Train detail, shot with Lumix digital camera
The highlight of the sesquicentennial celebration of the transcontinental railroad for me was meeting an amateur photographer toting his vintage field camera. I was honored to be there on May 10, 2019, for the 150th anniversary of the Golden Spike ceremony at Promontory Point, Utah, when the line from the west and the line from the east were joined in standard gauge, an iron bond that brought together the United States as a nation, realizing Manifest Destiny. The event was historic, and it included the diversity of this “shining city upon a hill” as had not been done at the actual moment, nor a half century earlier, for the centennial in 1969, when actor John Wayne’s appearance led to representatives of the Chinese American community being forced off the program.
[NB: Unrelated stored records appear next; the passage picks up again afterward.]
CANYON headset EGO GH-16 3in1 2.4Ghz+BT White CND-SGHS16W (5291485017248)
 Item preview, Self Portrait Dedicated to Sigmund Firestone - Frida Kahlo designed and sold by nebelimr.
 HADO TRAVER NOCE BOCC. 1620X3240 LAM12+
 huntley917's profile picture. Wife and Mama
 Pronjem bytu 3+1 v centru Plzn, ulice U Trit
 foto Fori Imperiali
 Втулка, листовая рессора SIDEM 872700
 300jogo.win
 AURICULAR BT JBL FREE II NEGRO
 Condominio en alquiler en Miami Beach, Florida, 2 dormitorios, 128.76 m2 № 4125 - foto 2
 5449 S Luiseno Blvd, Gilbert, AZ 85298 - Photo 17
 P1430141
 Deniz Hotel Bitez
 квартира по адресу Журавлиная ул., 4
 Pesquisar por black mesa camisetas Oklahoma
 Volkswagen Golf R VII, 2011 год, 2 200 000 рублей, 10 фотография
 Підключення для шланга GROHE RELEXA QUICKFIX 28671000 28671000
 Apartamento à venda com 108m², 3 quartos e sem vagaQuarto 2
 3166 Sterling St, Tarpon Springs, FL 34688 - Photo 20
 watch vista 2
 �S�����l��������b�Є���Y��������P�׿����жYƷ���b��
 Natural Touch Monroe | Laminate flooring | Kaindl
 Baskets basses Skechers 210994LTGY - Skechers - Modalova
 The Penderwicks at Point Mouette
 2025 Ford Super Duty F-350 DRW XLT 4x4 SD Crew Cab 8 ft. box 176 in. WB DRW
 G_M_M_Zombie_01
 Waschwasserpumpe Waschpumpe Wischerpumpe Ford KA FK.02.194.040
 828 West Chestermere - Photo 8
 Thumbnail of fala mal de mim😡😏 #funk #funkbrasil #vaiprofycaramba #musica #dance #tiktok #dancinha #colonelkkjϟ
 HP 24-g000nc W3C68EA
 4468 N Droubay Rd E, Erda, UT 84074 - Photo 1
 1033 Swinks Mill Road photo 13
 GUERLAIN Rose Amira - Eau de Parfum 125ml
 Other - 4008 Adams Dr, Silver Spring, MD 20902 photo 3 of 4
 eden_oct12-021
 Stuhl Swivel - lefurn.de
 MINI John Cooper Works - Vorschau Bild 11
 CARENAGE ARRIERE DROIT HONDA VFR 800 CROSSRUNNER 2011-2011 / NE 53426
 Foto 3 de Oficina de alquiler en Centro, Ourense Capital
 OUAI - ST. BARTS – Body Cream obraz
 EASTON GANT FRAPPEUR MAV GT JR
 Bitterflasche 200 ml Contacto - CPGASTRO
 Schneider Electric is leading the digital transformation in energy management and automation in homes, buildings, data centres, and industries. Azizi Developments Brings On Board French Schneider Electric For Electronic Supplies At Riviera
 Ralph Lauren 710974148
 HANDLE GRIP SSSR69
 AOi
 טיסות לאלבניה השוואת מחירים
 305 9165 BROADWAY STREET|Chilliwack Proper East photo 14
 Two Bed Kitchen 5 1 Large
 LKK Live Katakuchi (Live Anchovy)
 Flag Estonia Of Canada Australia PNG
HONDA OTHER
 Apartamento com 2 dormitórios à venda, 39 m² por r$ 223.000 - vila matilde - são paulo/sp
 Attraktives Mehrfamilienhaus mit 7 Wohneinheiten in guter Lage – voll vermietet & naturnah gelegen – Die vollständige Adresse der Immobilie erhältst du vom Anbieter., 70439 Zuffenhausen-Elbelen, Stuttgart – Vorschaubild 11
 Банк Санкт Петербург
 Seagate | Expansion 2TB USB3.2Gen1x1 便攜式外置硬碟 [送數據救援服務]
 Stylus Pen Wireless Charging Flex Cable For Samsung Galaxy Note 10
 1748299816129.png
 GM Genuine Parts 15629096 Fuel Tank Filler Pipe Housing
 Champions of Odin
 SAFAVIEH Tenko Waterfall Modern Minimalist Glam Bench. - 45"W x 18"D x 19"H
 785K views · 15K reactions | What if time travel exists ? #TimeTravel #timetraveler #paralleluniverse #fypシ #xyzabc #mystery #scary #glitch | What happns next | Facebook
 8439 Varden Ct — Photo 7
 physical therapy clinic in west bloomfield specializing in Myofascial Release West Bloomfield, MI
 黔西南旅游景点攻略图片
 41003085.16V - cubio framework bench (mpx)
Approximately 15,000 Chinese laborers constituted almost all of the western work crew, which also included Irish immigrants, former soldiers from the Union and Confederacy, Native Americans who were displaced from their territory, African Americans who had only recently been emancipated, and recruits from the then-new Church of Jesus Christ of the Latter Day Saints. Their descendants had invited me to speak at a conference. They included sixth-generation Californians, some of mixed ancestries. They were among the sizable delegations at the festivities, who included railroad aficionados, public officials, and more than a few locals. We had boarded charter buses early in the morning for the trek to the national park, issued two bottles of water to ensure we were hydrated under the desert sun.
Photography is very much part of the story of the transcontinental railroad. It was the most massive infrastructure project of its era. Congress supported it with subsidies and grants of land for every mile of track that was laid. Some of the politicians back then having what would be called out as conflicts of interest today, i.e., investments that would increase in value as a direct consequence of their own vote.
Professionals were hired to record the feat of engineering. They had to provide proof that the speculative enterprise was likely to pay off. The extensive documentation preceded, accompanied, and followed the toil. The images generated enthusiasm for the business and the tourism that they predicted, accurately, would follow, in measures beyond what could be calculated. It would be difficult to overstate how the transcontinental railroad transformed everything from the delivery of food and goods to where the ambitious might move and settle to the possibilities for vacation and recreation. The frontier was conquered and opened. “The United States of America” was once spoken of as a plural, as in “the United States of America are” this or that, and the subtlety of grammar, the “United States is,” indicates heartfelt unity.
Among the most famous pictures of the American nineteenth century, taken by Andrew J. Russell, depicts the rail barons in the foreground with the Jupiter and No. 119 locomotives in the background. Russell was a painter and photographer, trained by someone trained by Matthew Brady, and selected as the Army’s inaugural photographer. His work, glass-plate collodion negatives, are held by the Oakland Museum. He made prints en route, in a wagon that had a tent inside. His album, published in 1869, was a best seller. The photographs were reproduced in advertising and available as magic lantern slides (the format that preceded the Kodak slide carousel).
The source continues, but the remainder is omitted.